Mal wieder Albert Einstein an dieser Stelle, weil das Zitat gut und richtig ist: „Die Definition von Wahnsinn ist, immer wieder das Gleiche zu tun und andere Ergebnisse zu erwarten.“ Das gilt übrigens auch für die Union, aus deren Kreisen sich ebenfalls Politiker der neuerlichen Anti-AfD-Offensive anschließen. Nur der Herrgott weiß, warum. Dann aber wundern, wenn die AfD genüsslich von den „Blockparteien“ spricht und der Union noch mehr Stimmen abnimmt. 

Ein intellektueller Offenbarungseid

Um es ganz deutlich zu schreiben: In einer freien Gesellschaft haben Unternehmer nicht die Pflicht, irgendwelche politischen Bekenntnisse per Haltungsbefehl von oben abzugeben; schon gar nicht öffentlich.
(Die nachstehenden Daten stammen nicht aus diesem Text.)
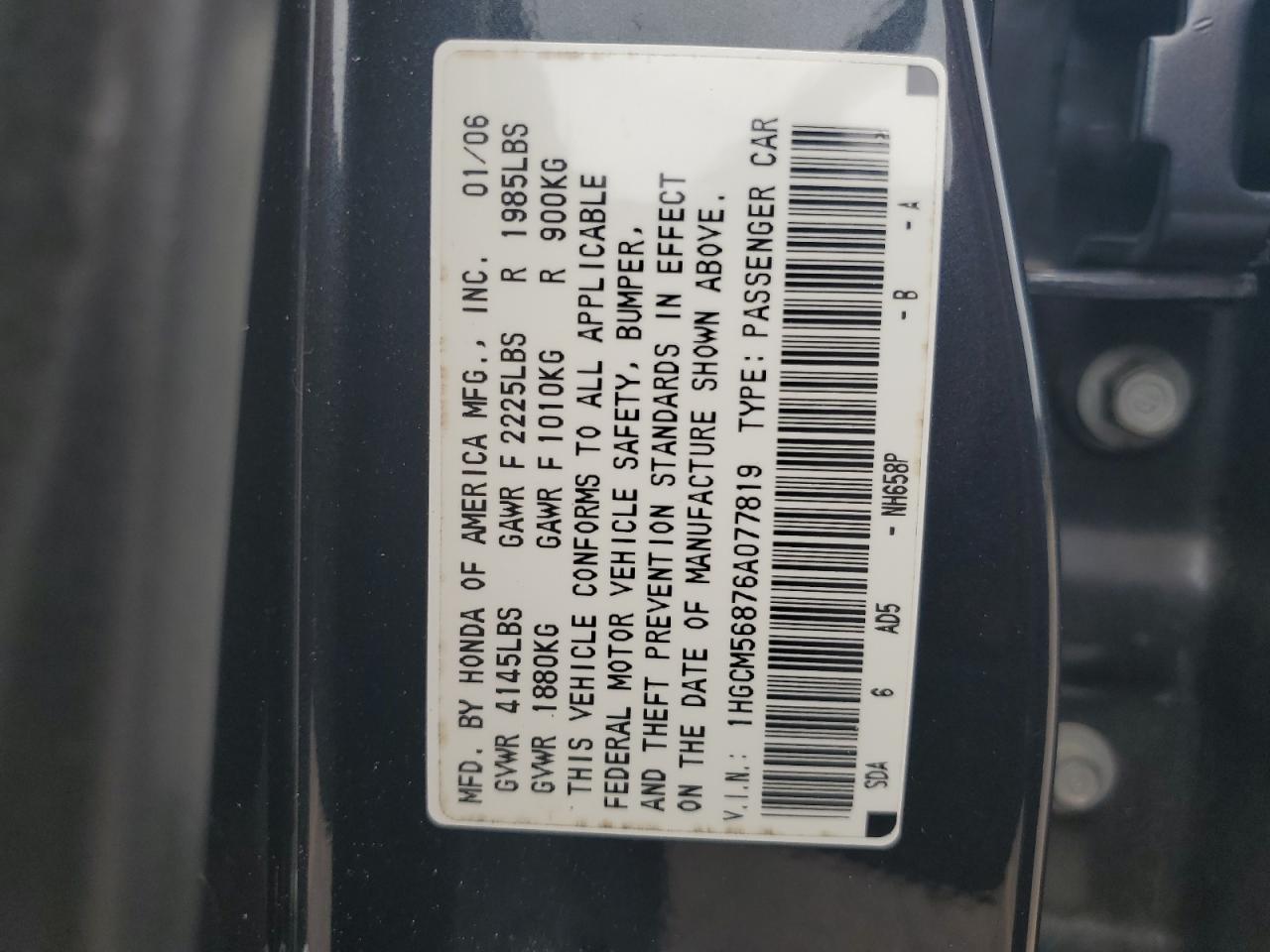 1HGCM56876A077819 2006 Honda Accord Ex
Sowas kann man in Venezuela machen, aber nicht in der Bundesrepublik. Und schon gar nicht ist es Aufgabe des Journalismus, jenen, die sich dem verweigern, das dann vorzuwerfen, weil man meint, man könne irgendwelche obskuren Regeln erfinden, an die sich dann jeder zu halten habe. Überhaupt ist es ein intellektueller Offenbarungseid, zu behaupten, ein Nicht-Bekenntnis gegen etwas sei auch Bekenntnis für etwas. 

Über die Inquisitionsgesellschaft schrieb ich kürzlich bereits an anderer Stelle. Und auch hier tritt sie einmal mehr zutage, weil sich offenkundig zu viele Menschen im Land nur noch spüren, indem sie mit dem Finger auf andere zeigen, da sie selbst schlicht nichts anzubieten haben, was sie in irgendeiner Weise interessant oder irgendwie spannend machen würde als Beteiligte des öffentlichen Diskurses. Deshalb twittert Renate Künast auch so aufgeregt, weil sie eigentlich nichts zu sagen hat. Lautstärke statt Inhalt. 
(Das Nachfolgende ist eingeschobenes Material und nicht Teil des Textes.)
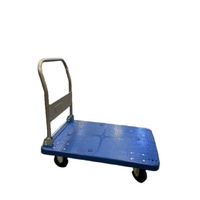 FlatBed Blue Trolley with Fold Down Handle for Banquets or Events Online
Mein Joghurt, dein Joghurt

Ich für meinen Teil habe jedenfalls schon genug Probleme (heute Morgen wäre ich beim Rauchen fast von einer Dachlawine erschlagen worden). Da werde ich nicht noch anfangen, meinen Joghurt danach auszuwählen, ob dieser in einer Atmosphäre der reinsten Gesinnung hergestellt, verpackt und ausgeliefert wurde, bloß weil gewisse Leute der Meinung sind, dass sich jetzt auch Molkereien und Banken dem Kampf gegen Rechts anschließen sollten, um sich nicht verdächtig zu machen. 
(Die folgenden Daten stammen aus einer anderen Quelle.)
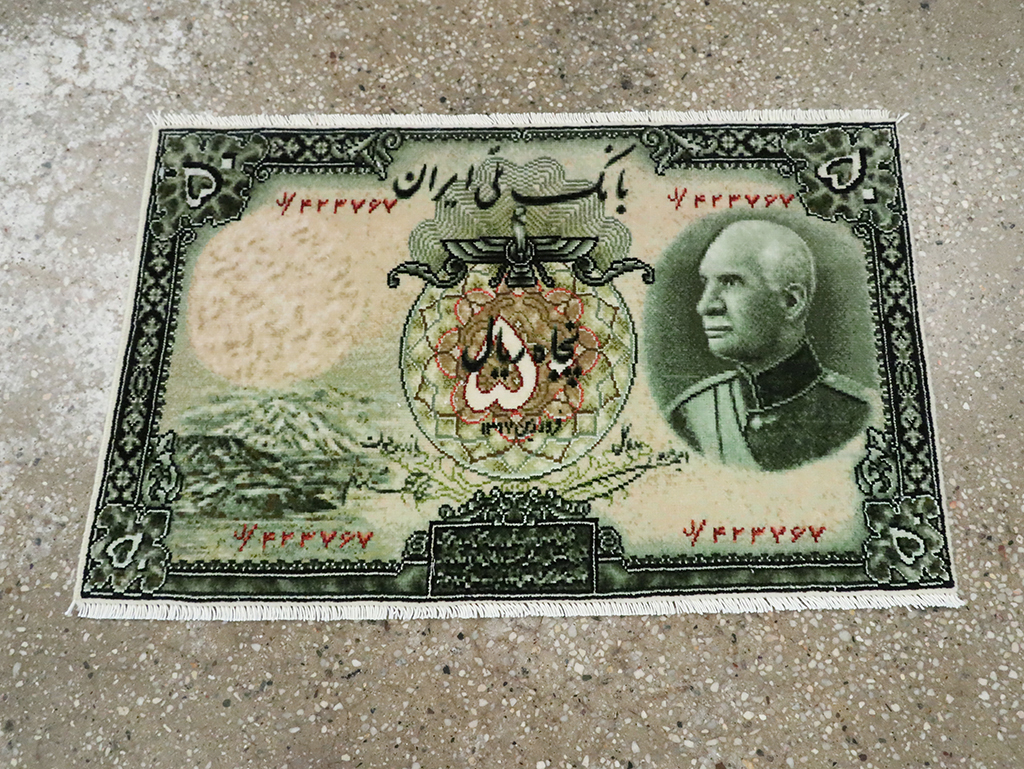 Vintage Persian Tabriz Pictorial Rug, No.28140 - Staging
Exakt so dürfte es auch weiterhin der größte Teil der Bevölkerung handhaben, die derzeit wirklich anderes im Kopf hat als brave Gefolgschaft, wenn Frau Faeser mal wieder Gesinnungsbefehle gibt. Und genau das wünsche ich mir letztlich auch von deutschen Unternehmern: dass sie ausreichend Rückgrat haben, um sich von der Wirtschaftswoche, vom Handelsblatt, von Frau Künast und Frau Faeser nicht moralisch erpressen zu lassen. Betonung auf Ich wünsche, nicht Ich fordere, denn das wäre hochgradig unhöflich und würde obendrein meinem Anspruch, dass wir alle frei und demokratisch zusammenleben, nicht gerecht werden.